目の前には割れた瓶の破片と強いアルコール臭を放つ液体が広がっていた。
部屋の奥では男と女が酷く言い争いをしている。
割れた酒瓶はこの男の所業だ。
莉苑が起きたことに気が付いた女は、こちらを向き「動かないで!危ないから!」と鋭く叫んだ。

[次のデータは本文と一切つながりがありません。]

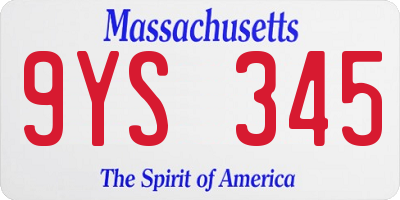 MA license plate 9YS345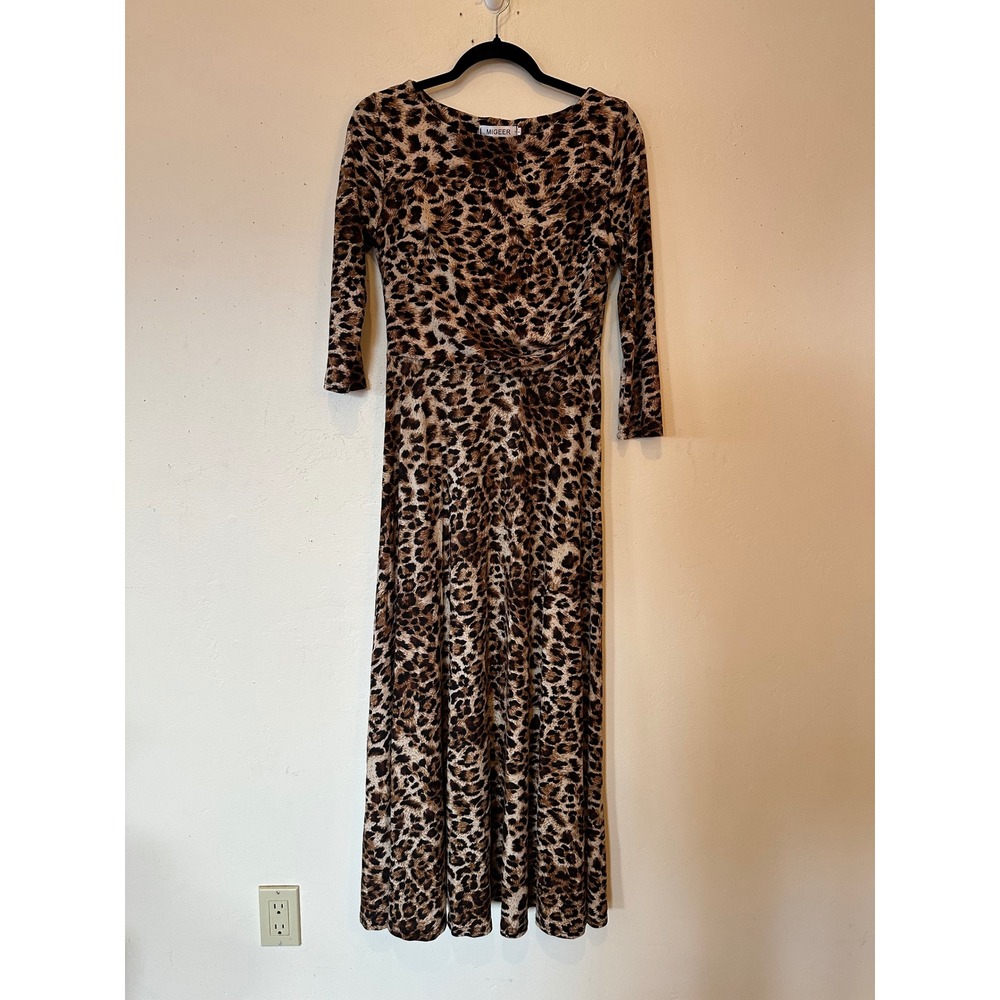Migeer Women Leopard Print Maxi Dress Long Sleeve Gathered Waist Brown Large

布団から這い出ようとしていた理苑は、母親の必死の形相から危険を感じ取って思わず手を引っ込めたが、その場の異様な空気と怒号に怯えて泣いた。
その泣き声に男は更に苛立ちを募らせて舌打ちした。
「うるせぇ!泣くんじゃねぇ!」
大声に反射で身体が震えた。
「やめてよ!理苑に当たらないで!」
女は悲痛な声を上げて、自分の足が破片で傷付くことも厭わず、息子の元へ駆け寄り男から隠すように抱き締めた。
「じゃあテメェが泣き止ませろ!テメェで勝手に産んだガキだろうが!」
男の怒声など殆ど聞こえていないかのように、女は理苑をきつく抱きながらひたすら「ごめんね」と繰り返した。
それが「怖い思いをさせてごめんね」なのか、「産んでしまってごめんね」なのか、理苑にはまだ判らなかった。
暫く怒鳴り声が続いていたが、やがて男は地鳴りのような足音を立てながら何処かへ出て行った。
こうなったら遅くまで帰って来ないことを女は知っていた。